Aissou « houe à lame triangulaire » (Taleyrac, commune de Valleraugue, octobre 2004). Le mot le plus répandu est aissada, (ou aissadou à Taleyrac où les deux formes sont utilisées) par exemple dans le site du Musée Cévenol : « Le labourage emploie essentiellement les houes. Celle à lame triangulaire ou aissada est un des outils les plus répandus en pays cévenol, elle permet de retourner la terre, de l’égaliser, d’en briser les mottes, de tracer des raies et former des buttes. » Nîmes eïssade « sarcloir ».

aissada
A droite l’aissou de ma fille à Taleyrac à gauche  celui du musée de St.Jean du Gard.

Les deux mots appartiennent bien sûr à la même famille, dérivés du latin ascia « hache des charpentiers, erminette » et aussi « binette » et « truelle de maçon ».

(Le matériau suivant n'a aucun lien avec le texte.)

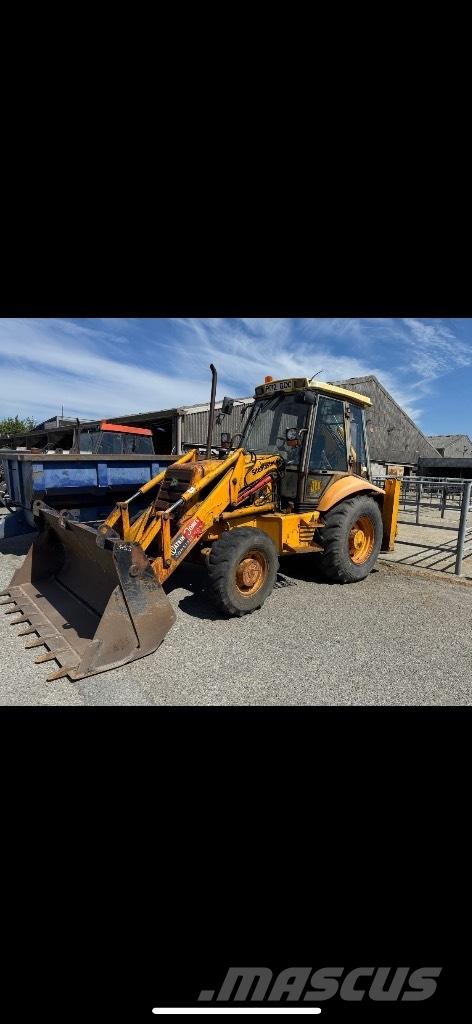 JCB 3 CX SM Rýpadlo-nakladače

(On en a trouvé une à Faverges près d’Annecy :

mais les suffixes et les répartitions géographiques de ces deux types ne sont pas identiques. Le type ascia qui a abouti en occitan à aisso « hache des charpentiers, herminette » aisse en ancien français, esse « marteau de couvreur » en français moderne (absent du TLF), et ses dérivés (par exemple ancien occitan aisset « petite hache » et aisela « herminette de tonnelier ») se trouvent dans une aire allant de l’occitan jusque dans le nord-est du domaine d’oïl.
Le FEW suppose que la forme aissou est issue de la forme ascia + one. Elle est limitée à l’occitan et avec le sens « pioche » au provençal et au languedocien. Le mot aissoun est attesté en languedocien avec le sens « pic, pioche, hoyau, houe ». La forme sans -n n’est attestée que dans la région du Mont Aigoual : Valleraugue oysou « outil pour faire des sillons », Camprieux oisou « outil de jardin qui a un tranchant d’un côté pour couper la motte, et de l’autre côté un fer pour arracher », St Hippolyte aïssou « meigle, marre , maille, chèvre » (dans un texte de 1798 avec le verbe aîssounà « labourer avec la meigle » ) et aisou « houe à lame triangulaire ». Dans cette région le chute du -n final est régulière: matin > moti , plein > plé. (Atger).

Commentaires

Bonjour,
mon père, Raymond Jourdan, a travaillé en 1941-42 dans le quartier des Lônes à Carpentras, dans une ferme disposant d’un système d’arrosage connecté avec le canal de Carpentras. Pour ouvrir et fermer les rigoles d’arrosage des parcelles il écrit dans ses cahiers qu’il se servait d’un « issadou », ce qui correspond à « aissadou » de votre article.Chez Mistral, on trouve ce terme issadou dans l’article « eissado », page 851 du trésor du félibrige, avec l’indication (rh) qui signifie expression des bords du rhône.
Cordialement
Gérard Jourdan

J’ai répondu:

L’issado est une houe d’après Mistral. La bonde pour fermer ou ouvrir les rigoles s’appelait esclafidou d’après l’abbé de Sauvages.